TASK BRIEF: Retype word for word the stretch of entries below from the line that has "Napoleonic Swiss Grenadier, Régiments" through the line that has "MOCHA R&M RICHARDS", and omit the pictures.

MATERIAL SUPPLIED:

--

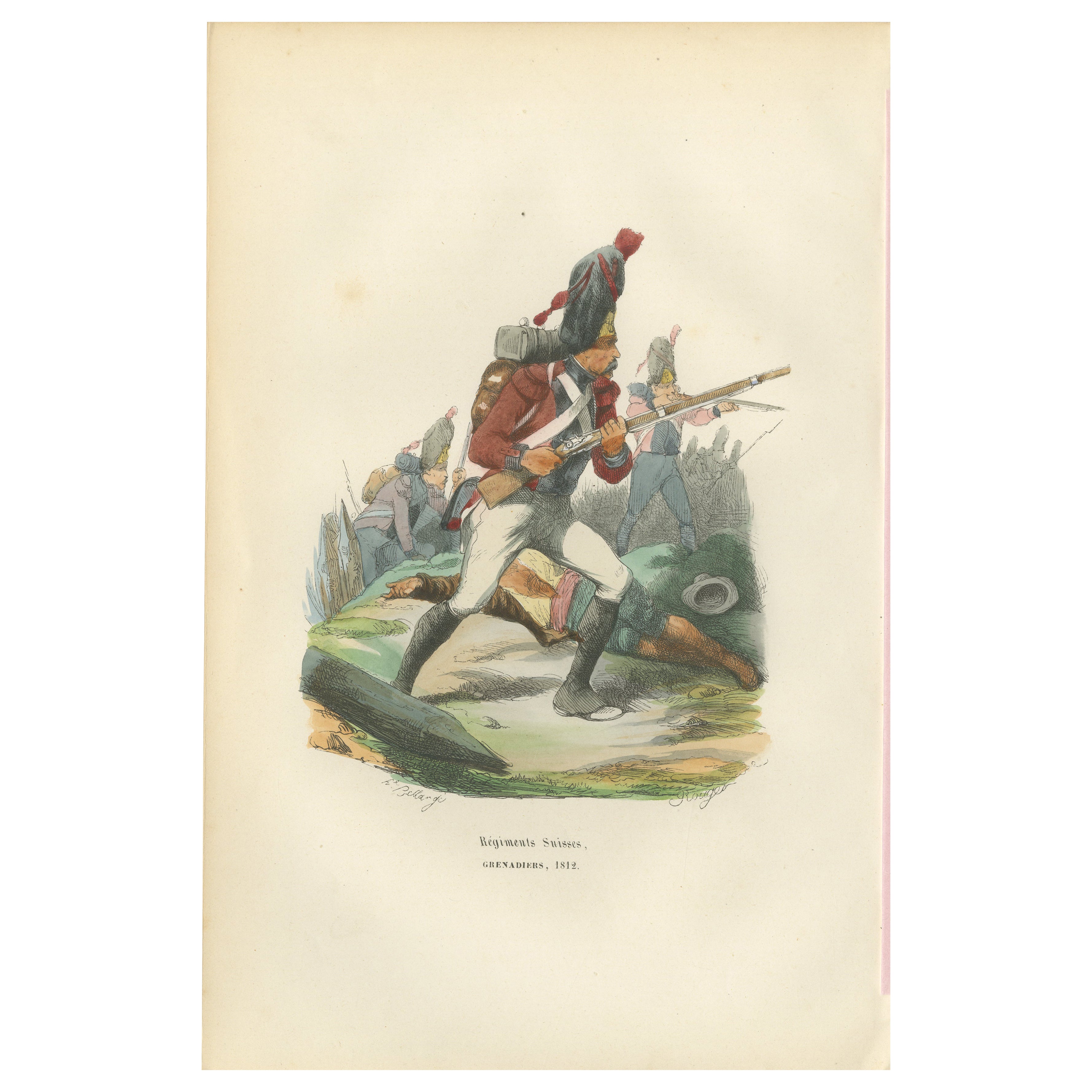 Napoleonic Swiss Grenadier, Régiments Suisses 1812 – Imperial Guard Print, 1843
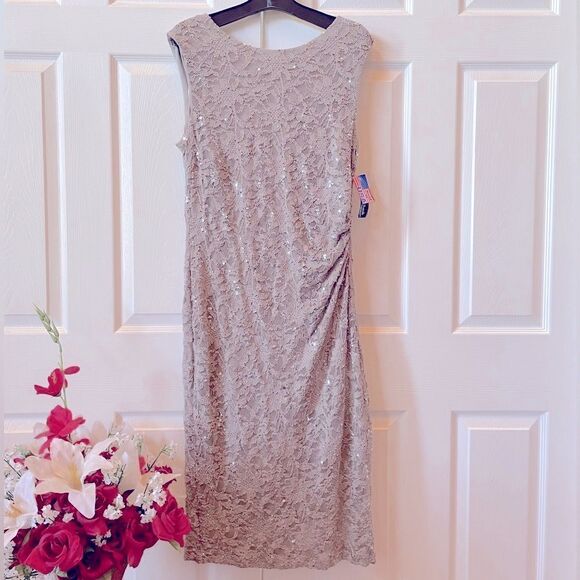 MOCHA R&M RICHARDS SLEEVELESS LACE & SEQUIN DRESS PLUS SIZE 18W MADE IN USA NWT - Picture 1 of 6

--

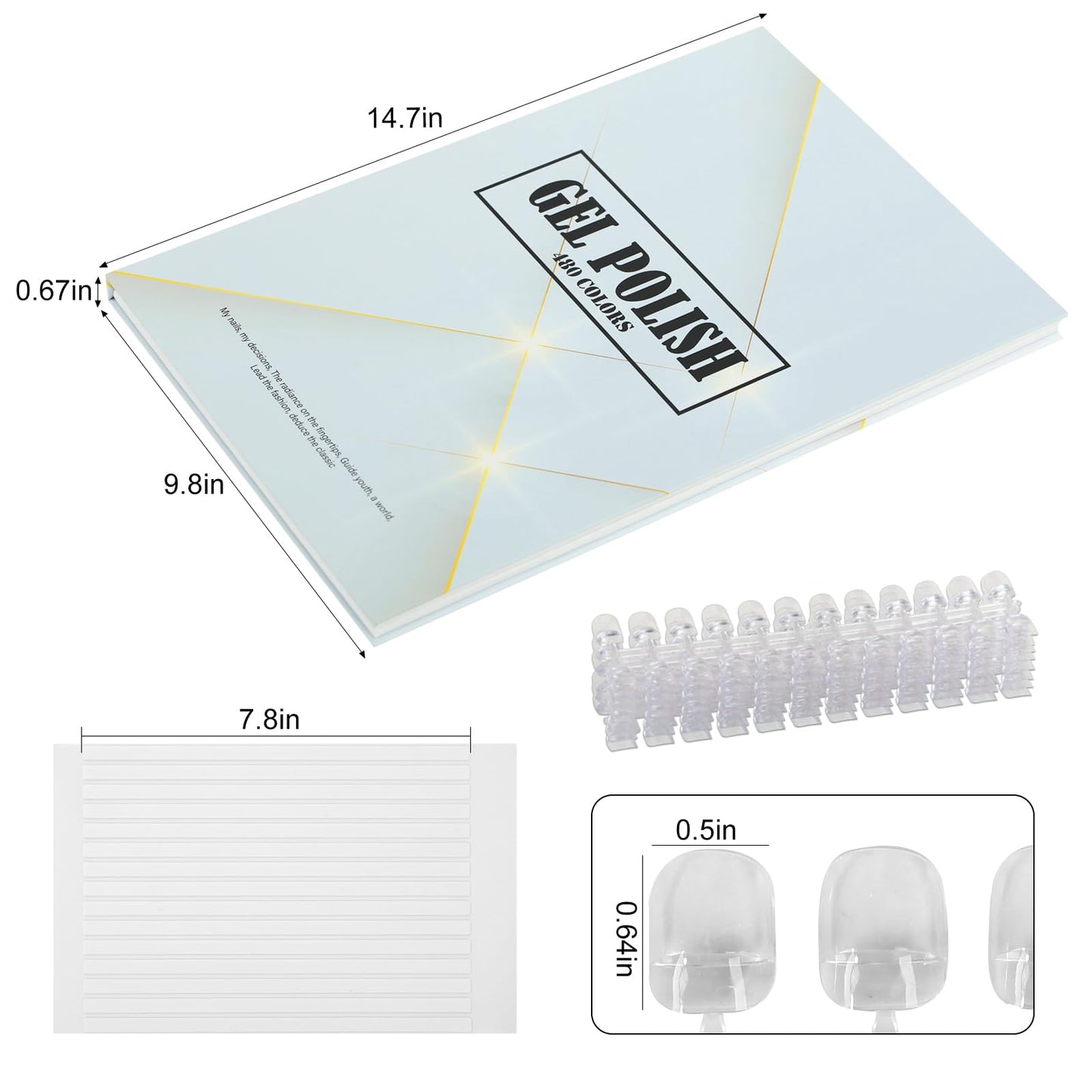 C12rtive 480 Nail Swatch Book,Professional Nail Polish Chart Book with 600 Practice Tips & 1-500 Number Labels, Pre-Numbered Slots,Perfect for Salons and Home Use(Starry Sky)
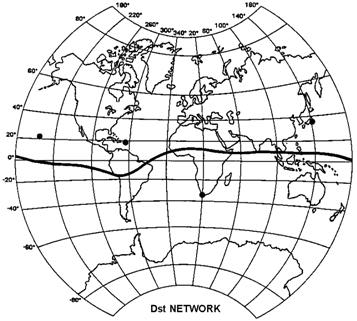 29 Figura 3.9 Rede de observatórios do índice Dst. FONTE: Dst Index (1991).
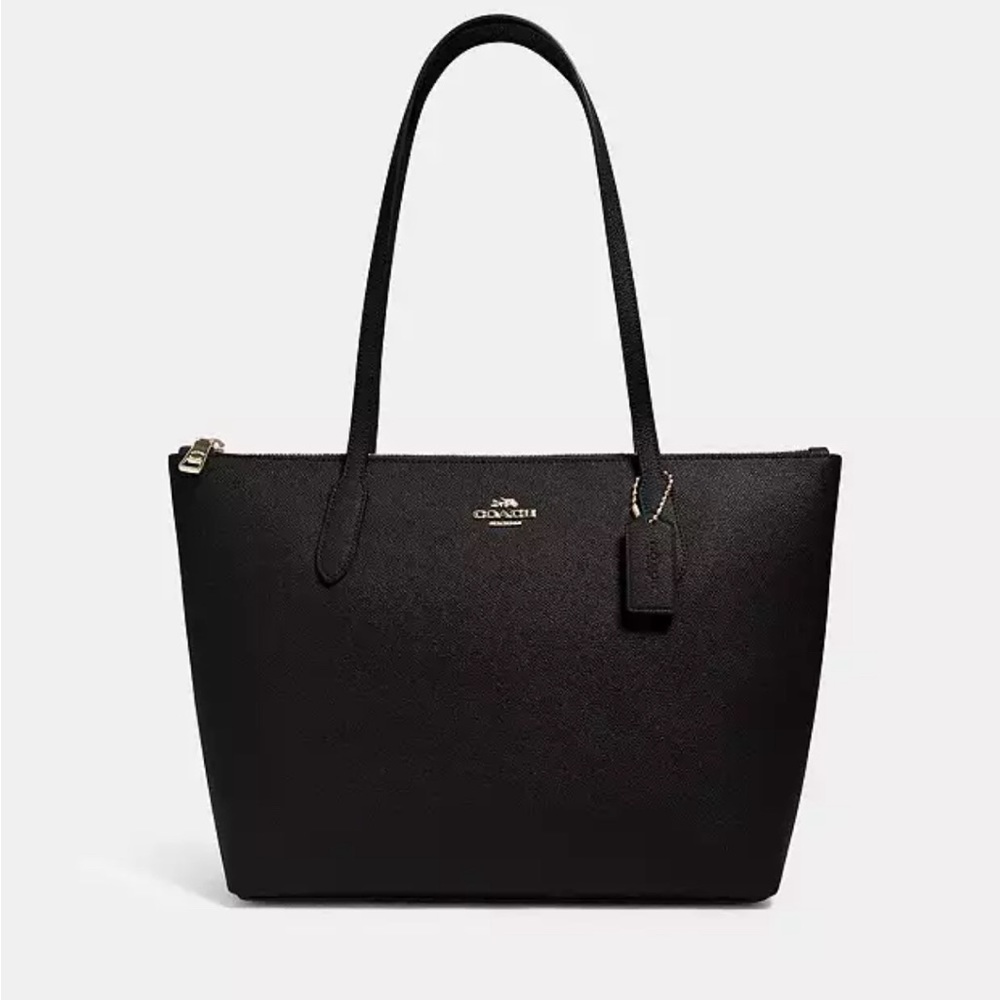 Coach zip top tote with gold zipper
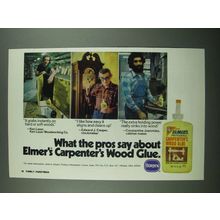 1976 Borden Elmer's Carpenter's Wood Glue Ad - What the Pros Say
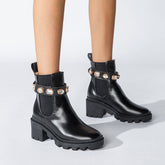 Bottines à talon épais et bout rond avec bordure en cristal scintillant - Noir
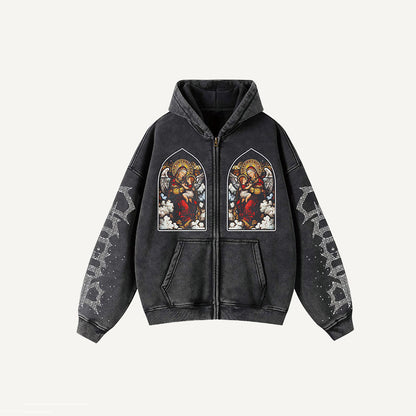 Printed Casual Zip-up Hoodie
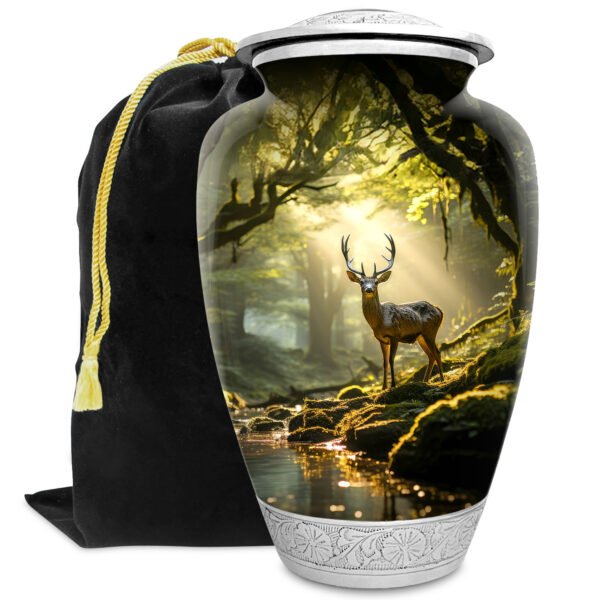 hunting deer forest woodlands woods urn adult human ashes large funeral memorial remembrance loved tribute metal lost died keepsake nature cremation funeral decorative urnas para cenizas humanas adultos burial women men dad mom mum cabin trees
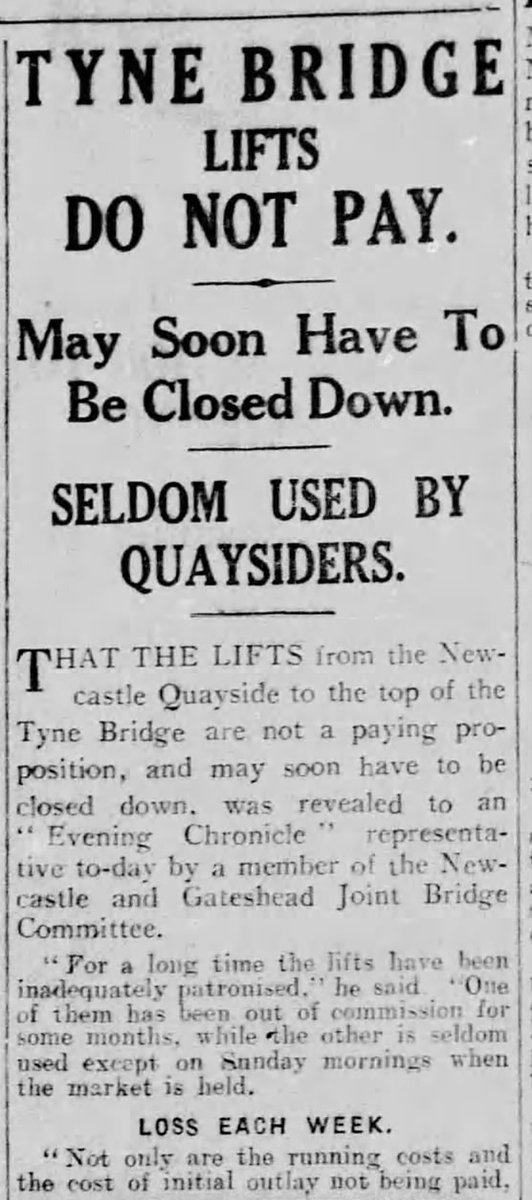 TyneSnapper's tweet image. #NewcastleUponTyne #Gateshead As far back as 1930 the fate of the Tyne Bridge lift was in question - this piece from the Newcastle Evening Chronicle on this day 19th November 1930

--

WRITTEN RESPONSE:
 Napoleonic Swiss Grenadier, Régiments Suisses 1812 – Imperial Guard Print, 1843
 MOCHA R&M RICHARDS SLEEVELESS LACE & SEQUIN DRESS PLUS SIZE 18W MADE IN USA NWT - Picture 1 of 6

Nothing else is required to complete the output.